--- Information given Enclosed Below ---
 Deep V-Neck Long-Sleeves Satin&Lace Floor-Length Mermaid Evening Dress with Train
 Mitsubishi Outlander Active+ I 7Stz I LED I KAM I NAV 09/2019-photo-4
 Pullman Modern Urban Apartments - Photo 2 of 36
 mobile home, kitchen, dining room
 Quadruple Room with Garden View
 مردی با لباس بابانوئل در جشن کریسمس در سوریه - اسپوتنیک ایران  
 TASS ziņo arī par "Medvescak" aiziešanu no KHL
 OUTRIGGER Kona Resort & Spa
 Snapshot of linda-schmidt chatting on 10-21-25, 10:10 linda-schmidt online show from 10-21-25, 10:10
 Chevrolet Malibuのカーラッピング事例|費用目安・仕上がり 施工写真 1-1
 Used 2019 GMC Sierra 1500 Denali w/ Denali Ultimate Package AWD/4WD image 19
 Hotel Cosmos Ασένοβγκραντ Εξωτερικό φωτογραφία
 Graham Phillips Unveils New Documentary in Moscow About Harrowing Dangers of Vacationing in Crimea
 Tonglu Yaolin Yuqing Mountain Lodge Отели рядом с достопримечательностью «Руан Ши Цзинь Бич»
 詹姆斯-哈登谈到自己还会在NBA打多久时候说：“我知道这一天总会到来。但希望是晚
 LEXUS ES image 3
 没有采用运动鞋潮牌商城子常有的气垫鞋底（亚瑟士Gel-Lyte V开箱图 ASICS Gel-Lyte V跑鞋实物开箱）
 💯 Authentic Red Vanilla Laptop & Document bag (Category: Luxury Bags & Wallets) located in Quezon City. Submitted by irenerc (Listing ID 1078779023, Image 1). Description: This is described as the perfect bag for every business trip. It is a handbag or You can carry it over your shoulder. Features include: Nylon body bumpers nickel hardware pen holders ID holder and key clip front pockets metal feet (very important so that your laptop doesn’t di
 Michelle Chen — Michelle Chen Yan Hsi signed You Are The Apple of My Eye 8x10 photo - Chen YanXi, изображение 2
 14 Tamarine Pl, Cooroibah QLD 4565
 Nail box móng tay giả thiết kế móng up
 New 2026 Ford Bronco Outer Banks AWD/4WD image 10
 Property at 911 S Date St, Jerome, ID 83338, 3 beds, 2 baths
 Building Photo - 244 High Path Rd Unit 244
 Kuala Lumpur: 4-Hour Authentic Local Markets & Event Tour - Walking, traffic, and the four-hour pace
--- End of Enclosed Information given ---
**Instructions for the task:** Return every record above exactly, line by line.

**Output:**
 Deep V-Neck Long-Sleeves Satin&Lace Floor-Length Mermaid Evening Dress with Train
 Mitsubishi Outlander Active+ I 7Stz I LED I KAM I NAV 09/2019-photo-4
 Pullman Modern Urban Apartments - Photo 2 of 36
 mobile home, kitchen, dining room
 Quadruple Room with Garden View
 مردی با لباس بابانوئل در جشن کریسمس در سوریه - اسپوتنیک ایران  
 TASS ziņo arī par "Medvescak" aiziešanu no KHL
 OUTRIGGER Kona Resort & Spa
 Snapshot of linda-schmidt chatting on 10-21-25, 10:10 linda-schmidt online show from 10-21-25, 10:10
 Chevrolet Malibuのカーラッピング事例|費用目安・仕上がり 施工写真 1-1
 Used 2019 GMC Sierra 1500 Denali w/ Denali Ultimate Package AWD/4WD image 19
 Hotel Cosmos Ασένοβγκραντ Εξωτερικό φωτογραφία
 Graham Phillips Unveils New Documentary in Moscow About Harrowing Dangers of Vacationing in Crimea
 Tonglu Yaolin Yuqing Mountain Lodge Отели рядом с достопримечательностью «Руан Ши Цзинь Бич»
 詹姆斯-哈登谈到自己还会在NBA打多久时候说：“我知道这一天总会到来。但希望是晚
 LEXUS ES image 3
 没有采用运动鞋潮牌商城子常有的气垫鞋底（亚瑟士Gel-Lyte V开箱图 ASICS Gel-Lyte V跑鞋实物开箱）
 💯 Authentic Red Vanilla Laptop & Document bag (Category: Luxury Bags & Wallets) located in Quezon City. Submitted by irenerc (Listing ID 1078779023, Image 1). Description: This is described as the perfect bag for every business trip. It is a handbag or You can carry it over your shoulder. Features include: Nylon body bumpers nickel hardware pen holders ID holder and key clip front pockets metal feet (very important so that your laptop doesn’t di
 Michelle Chen — Michelle Chen Yan Hsi signed You Are The Apple of My Eye 8x10 photo - Chen YanXi, изображение 2
 14 Tamarine Pl, Cooroibah QLD 4565
 Nail box móng tay giả thiết kế móng up
 New 2026 Ford Bronco Outer Banks AWD/4WD image 10
 Property at 911 S Date St, Jerome, ID 83338, 3 beds, 2 baths
 Building Photo - 244 High Path Rd Unit 244
 Kuala Lumpur: 4-Hour Authentic Local Markets & Event Tour - Walking, traffic, and the four-hour pace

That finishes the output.